Apple — the powerhouse computer maker that transformed the music distribution industry with its iTunes store — is plotting a plan to do the same to pay television, several news reports said last week. Apple refused to comment publicly on the reports.
Apple is recruiting television networks to join an iTunes TV subscription offering, reported MediaMemo. For $30-$40 per month starting “early next year,” users would be able to watch television via Apple’s iTunes online media player. The company already sells individual episodes of television shows from the online store, and a subscription model wouldn’t be a huge leap.
Such an arrangement could allow Apple to undercut the prices of pay television providers like cable, telco and satellite. A $30-a-month fee could lure customers away from soaring $85-plus per monthly cable bills.

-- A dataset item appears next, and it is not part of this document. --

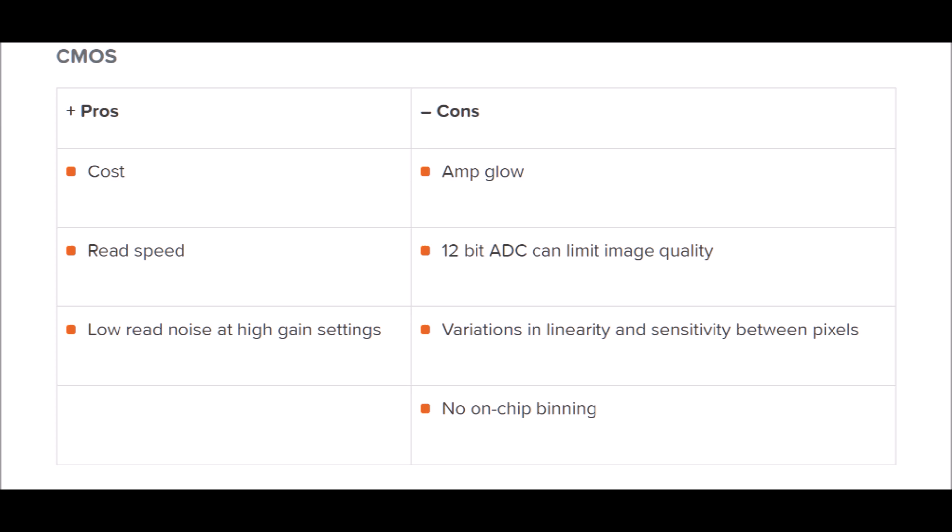CMOS cameras also tend to have very low read noise at higher gain settings compared to a CCD camera. This comes with a disadvantage though — the 12-bit analog-to-digital converter can limit image quality, especially combined with a higher gain setting. It limits the dynamic range you have in the picture — from the faintest pixel to the brightest. When you use the 12-bit ADC and bump up the gain, you will have fewer steps from the lowest end of the spectrum to the highest, resulting in a less nuanced picture.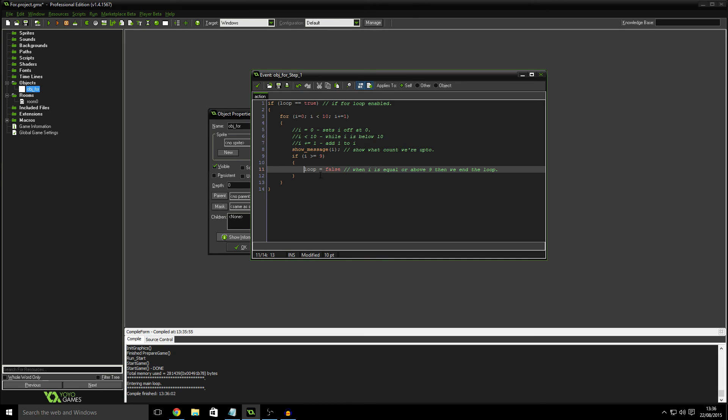But yeah, that's pretty much it for this episode, guys. I just wanted to basically show how this isn't really that hard to grasp. Because when I first started there was a number of topics that I felt were more difficult than they actually are. I'm going to also cover things like arrays, DS lists, grids. We'll just cover lots of stuff that might be a little bit daunting for someone who's new to get into.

Apple could leverage its deep library of content with many network and cable channel content owners to provide unlimited access to a sub-library of its TV shows for a standard monthly fee. Such a product would effectively offer access to current and older episodes of select shows on select channels.
On-demand video streaming is a fast growing method for watching television and movies, especially as distributors are now delivering HD video and adaptive bit rate streaming to the home. Several distributions, such as Netflix, now allow online streaming of thousands of programs. However, no major player has a viable online subscription model that can compete with cable companies.
Many are predicting that the Walt Disney Company, owner of the ABC and ESPN network franchises, would be the first to sign on to Apple’s effort. Apple and Disney have traditionally had a close relationship. However, Apple would need all the major networks onboard the effort to sustain a solid subscription television model.
Hulu, a joint venture of NBC Universal, News Corp., Disney-ABC and Providence Equity Partners, is currently an ad-supported Web site for television programming. However, Hulu has hinted it is making plans for its own subscription service. Many, however, are questioning whether Hulu’s viewers, who have received the content for free, will begin paying for it.